Dona ovelha na cidade — um diário

Paula Amparo
Cura Crônica
Published in
3 min readSep 21, 2020

miniconto

MUNDO CÃO

Um cu cheira o outro.

idílico

No sítio de um amigo, quando chamamos um funcionário no portão da casa dele, os oito cachorros correm até nós. E um bezerro. Eu nunca havia encostado em um bezerro antes. Esses animais parecem estar sempre com muito medo de tudo. O bezerro veio ver quem chamava no portão, com curiosidade de cachorro, e enquanto os cachorros nos cheiravam, ele também nos cheirava. Quando eu e Arthur não erámos mais uma novidade, o bezerro deitou na sombra e nos observou. Perguntamos como e por que esse bezerro estava ali como se fosse um cachorro. E esse funcionário disse que a mãe o havia rejeitado e que ele cresceu tomando leite na mamadeira, próximo aos cuidados humanos:

“E por que a mãe rejeita?”, perguntamos.

“Às vezes a mãe é pretinha e um filhote é pretinho e o outro é branquinho e ela escolhe o pretinho. Mas ela também pode escolher o branquinho. E às vezes o filhote é marrom e ela escolhe o marrom.

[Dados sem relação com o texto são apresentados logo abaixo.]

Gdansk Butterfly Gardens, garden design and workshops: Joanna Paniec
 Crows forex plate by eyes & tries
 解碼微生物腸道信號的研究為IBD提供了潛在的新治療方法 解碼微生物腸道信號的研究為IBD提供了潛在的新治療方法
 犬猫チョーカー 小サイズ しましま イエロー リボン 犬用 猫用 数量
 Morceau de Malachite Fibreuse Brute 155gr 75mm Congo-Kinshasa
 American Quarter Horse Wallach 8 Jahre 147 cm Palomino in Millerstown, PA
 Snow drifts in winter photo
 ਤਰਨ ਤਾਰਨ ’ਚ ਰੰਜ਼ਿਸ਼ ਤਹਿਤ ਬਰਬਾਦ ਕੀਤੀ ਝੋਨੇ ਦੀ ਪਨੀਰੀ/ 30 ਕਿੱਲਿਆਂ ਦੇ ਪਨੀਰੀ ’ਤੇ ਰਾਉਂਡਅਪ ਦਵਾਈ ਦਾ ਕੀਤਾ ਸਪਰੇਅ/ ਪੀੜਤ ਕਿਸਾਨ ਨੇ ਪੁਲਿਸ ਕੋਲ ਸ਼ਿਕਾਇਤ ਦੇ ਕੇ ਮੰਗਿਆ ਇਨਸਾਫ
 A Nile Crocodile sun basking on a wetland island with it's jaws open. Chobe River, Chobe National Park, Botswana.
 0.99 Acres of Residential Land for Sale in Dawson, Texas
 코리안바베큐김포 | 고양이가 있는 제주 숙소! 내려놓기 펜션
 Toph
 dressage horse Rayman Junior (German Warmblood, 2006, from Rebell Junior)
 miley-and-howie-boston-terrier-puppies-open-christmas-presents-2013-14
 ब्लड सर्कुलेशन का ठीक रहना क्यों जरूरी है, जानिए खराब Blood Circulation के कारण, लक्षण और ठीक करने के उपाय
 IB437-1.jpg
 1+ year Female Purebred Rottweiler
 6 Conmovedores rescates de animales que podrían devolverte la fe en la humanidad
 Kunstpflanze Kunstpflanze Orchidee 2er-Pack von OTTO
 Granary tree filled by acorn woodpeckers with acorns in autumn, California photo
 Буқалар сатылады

E também pode ser que um dos filhotes é o macho. A outra é a fêmea, e a mãe fica com o macho ou com a fêmea”, ele responde.

“Ah!”, algo assim, foi o que saiu, ou qualquer uma dessas interjeições que dizem: “entendo”.

“Então agora esse bezerro vai ficar aqui com os cachorros, né?”, pergunto.

“Sim e depois a gente come”, ele responde.

1 nó

A gente não é nem mesmo o nosso autorretrato porque todo retrato é a imagem de algo já morto.

outro nó

Sonho que estou arrumada. Encontro com um amigo e vamos para uma exposição à tarde no Centro. Vemos os trabalhos que estão dispostos em uma espécie de estacionamento que está com a porta de ferro enrolada. Também poderia ser uma enorme e vazia loja do Saara sendo ocupada por pinturas. O local começa a encher e eu resolvo sair um pouco, para não ficar aglomerada. Estou na rua e estou aglomerada, porque a galeria-estacionamento não para de encher e tem a sua calçada também ocupada. Vejo muitos rostos. Sorrio e recebo sorrisos. Não nos falamos muito — só estamos ali. Não usamos máscaras, não nos evitamos, mas algo indica que não deveríamos estar ali. Anoitece e resolvo ir embora, o local está tão cheio que parece uma festa. Um amigo me leva até um táxi e eu sei que sonho — e continuo sonhando mesmo assim. A consciência de que estou sonhando, me impede de seguir como eu mesma e rapidamente sou um menino, que no dia seguinte corre por aquelas ruas. Está claro e já tomei café da manhã. Tenho a perspectiva de uma criança e desço escadas, muitas escadas, até chegar naquela rua. O estacionamento estava decorado como uma discoteca dos anos 80. Só imagino tudo isso, dessa forma, porque meus pais me contaram de um mundo em que existia As Frenéticas. Está vazio, triste. Uma luz roxa brilha lá dentro.

amigas mascaradas

Recebo o Marcos em casa para tomarmos gin tônica com morango e pimenta. Ele olha a Bela e diz que ela cada vez mais parece uma pessoa com roupa de cachorro — eu rio. Vemos ela se ajeitar no sofá, apoiando a cabeça no braço do sofá — ele ri. “Como se fosse uma fantasia quente”, respondo. Penso sobre a necessidade de humanizar os animais para podermos justificar o nosso amor e identificação com eles: seria esse vício no pensar algo nosso ou a Bela também acredita que eu sou uma cachorra com roupa de pessoa? Comemos morangos borbulhantes, somos bobos e nos entendemos, enquanto Bela, ridícula e imensa para caber no sofá, nos olha.